Britannia Hotels has been named the UK’s worst hotel chain for 12 consecutive years by Which? So I decided to book a stay at Britannia Hampstead to see if it really is as bad as everyone says

There aren’t many hotels that slap a £10 charge on opening windows or appear completely deserted in the run-up to Christmas. And there’s just one hotel chain that’s been crowned the worst in Britain for 12 years running.

To sample such treats, you need to book yourself into a Britannia.

The chain has become the stuff of folklore. Half a century after launching its first property, the Country House Hotel in Didsbury, Manchester, it has expanded to roughly 60 locations spanning the UK before acquiring Pontins.

Yet, the tale isn’t entirely rosy. Britannia has faced severe criticism over the years from disgruntled guests who claim it has transformed once-magnificent buildings into grubby, disagreeable, and uncomfortable accommodation that fails to deliver value, even at rock-bottom prices.
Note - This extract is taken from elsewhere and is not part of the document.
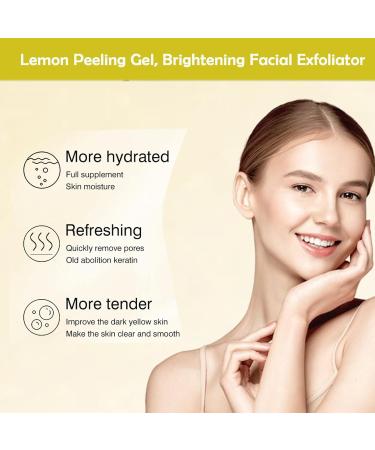 Lemon Exfoliating Gel - Natural Peel Face Scrub for All Skin Types | Deep Cleansing Moisturizer & Exfoliator - Buy Online on GoSupps.com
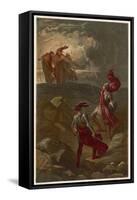 Macbeth, The Meeting with the Witches on the Heath-Joseph Kronheim-Framed Stretched Canvas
My initial encounter with Britannia occurred back in 2022, during those heady post-lockdown months when I caught the train to Bournemouth to stay at a hotel that has since been converted to accommodate asylum seekers. The jammed-shut windows and overpowering paint fumes made for a sweltering and clammy evening, whilst the empty outdoor pool, abandoned underwear in the courtyard, and scattered laughing gas canisters only heightened the overwhelming atmosphere of abandonment, reports the Mirror.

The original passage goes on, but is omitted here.